[Start of section]

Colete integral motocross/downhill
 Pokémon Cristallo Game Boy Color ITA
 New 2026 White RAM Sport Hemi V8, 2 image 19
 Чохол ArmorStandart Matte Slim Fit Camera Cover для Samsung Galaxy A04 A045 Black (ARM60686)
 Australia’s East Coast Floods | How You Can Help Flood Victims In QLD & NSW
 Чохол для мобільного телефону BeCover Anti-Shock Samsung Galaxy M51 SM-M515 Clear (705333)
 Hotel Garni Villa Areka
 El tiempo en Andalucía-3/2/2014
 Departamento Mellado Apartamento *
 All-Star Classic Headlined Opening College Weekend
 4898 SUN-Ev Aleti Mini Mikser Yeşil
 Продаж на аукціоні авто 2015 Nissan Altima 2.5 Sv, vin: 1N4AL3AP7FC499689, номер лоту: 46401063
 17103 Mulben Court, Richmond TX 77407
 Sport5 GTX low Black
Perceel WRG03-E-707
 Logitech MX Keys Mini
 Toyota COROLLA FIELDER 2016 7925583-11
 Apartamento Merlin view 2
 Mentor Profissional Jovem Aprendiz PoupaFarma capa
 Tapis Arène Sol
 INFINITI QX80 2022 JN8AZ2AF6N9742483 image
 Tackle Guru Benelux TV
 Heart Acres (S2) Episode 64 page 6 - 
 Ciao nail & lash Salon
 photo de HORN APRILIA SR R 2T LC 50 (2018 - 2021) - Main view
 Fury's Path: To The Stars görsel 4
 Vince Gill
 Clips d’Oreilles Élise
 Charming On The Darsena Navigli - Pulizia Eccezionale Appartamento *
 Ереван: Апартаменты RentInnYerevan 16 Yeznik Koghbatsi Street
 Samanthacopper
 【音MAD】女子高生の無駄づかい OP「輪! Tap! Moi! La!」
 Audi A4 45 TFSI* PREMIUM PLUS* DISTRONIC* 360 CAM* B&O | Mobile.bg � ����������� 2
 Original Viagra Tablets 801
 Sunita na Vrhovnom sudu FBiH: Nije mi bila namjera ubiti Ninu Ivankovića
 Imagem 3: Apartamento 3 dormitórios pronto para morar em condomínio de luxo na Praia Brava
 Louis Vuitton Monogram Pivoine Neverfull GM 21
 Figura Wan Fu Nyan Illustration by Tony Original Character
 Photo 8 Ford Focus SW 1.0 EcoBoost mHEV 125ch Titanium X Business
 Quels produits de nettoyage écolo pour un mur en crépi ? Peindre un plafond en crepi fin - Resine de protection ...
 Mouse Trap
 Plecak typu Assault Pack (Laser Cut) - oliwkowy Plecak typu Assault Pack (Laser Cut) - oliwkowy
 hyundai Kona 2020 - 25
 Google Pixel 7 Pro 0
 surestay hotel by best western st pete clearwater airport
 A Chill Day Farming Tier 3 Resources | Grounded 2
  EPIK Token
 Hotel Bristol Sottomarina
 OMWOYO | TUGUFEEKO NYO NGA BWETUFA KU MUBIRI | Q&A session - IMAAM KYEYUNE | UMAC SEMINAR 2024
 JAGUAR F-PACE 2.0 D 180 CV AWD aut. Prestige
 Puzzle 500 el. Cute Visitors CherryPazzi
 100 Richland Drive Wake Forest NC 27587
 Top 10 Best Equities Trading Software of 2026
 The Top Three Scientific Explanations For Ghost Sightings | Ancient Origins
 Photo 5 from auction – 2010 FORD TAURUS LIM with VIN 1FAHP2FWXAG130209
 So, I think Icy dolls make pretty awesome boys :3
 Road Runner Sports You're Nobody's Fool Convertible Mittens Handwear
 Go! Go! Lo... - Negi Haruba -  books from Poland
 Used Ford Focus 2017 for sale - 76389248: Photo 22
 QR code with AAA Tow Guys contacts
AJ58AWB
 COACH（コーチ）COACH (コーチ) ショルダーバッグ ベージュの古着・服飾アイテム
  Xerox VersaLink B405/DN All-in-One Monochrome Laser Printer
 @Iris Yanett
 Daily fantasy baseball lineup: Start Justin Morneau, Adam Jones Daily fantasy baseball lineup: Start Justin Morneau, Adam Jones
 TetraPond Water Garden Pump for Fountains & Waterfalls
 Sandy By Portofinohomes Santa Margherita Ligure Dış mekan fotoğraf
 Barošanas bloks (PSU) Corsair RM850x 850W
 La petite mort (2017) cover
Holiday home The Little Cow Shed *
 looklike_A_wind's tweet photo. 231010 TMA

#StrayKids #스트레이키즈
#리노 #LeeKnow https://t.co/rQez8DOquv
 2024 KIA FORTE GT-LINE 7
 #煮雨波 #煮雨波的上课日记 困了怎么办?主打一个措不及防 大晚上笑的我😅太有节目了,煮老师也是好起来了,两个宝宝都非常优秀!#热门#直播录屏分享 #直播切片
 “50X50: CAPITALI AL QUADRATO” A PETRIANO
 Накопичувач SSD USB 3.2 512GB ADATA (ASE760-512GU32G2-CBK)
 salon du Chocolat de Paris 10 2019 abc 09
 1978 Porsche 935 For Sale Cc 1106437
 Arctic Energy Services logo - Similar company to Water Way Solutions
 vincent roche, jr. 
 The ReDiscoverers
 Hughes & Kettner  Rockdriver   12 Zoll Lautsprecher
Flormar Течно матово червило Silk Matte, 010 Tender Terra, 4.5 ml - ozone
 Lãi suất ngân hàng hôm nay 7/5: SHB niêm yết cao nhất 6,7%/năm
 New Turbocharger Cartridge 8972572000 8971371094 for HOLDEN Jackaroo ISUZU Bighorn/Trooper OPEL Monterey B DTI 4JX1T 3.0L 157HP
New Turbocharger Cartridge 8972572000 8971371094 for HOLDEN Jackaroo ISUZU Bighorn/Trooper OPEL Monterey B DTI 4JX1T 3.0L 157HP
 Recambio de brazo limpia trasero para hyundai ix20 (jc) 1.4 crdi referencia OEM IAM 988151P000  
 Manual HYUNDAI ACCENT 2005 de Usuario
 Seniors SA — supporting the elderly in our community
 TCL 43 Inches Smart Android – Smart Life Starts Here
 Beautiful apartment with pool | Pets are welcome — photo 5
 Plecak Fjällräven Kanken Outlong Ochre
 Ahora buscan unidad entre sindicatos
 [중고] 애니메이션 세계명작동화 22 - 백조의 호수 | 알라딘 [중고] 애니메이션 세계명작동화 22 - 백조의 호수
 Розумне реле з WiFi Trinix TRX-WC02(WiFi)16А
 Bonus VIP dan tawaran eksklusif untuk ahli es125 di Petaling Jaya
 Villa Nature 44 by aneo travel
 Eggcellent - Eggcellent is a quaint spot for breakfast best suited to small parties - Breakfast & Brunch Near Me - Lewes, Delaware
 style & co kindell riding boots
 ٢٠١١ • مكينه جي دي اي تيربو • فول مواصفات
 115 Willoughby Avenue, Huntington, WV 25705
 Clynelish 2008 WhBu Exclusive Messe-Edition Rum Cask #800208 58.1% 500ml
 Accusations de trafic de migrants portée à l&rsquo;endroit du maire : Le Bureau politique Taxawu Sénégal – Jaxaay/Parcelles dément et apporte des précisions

[End of section]

Requirement:
From the listing above, return every line that carries the string "Bighorn".

Exercise solution:
 New Turbocharger Cartridge 8972572000 8971371094 for HOLDEN Jackaroo ISUZU Bighorn/Trooper OPEL Monterey B DTI 4JX1T 3.0L 157HP
New Turbocharger Cartridge 8972572000 8971371094 for HOLDEN Jackaroo ISUZU Bighorn/Trooper OPEL Monterey B DTI 4JX1T 3.0L 157HP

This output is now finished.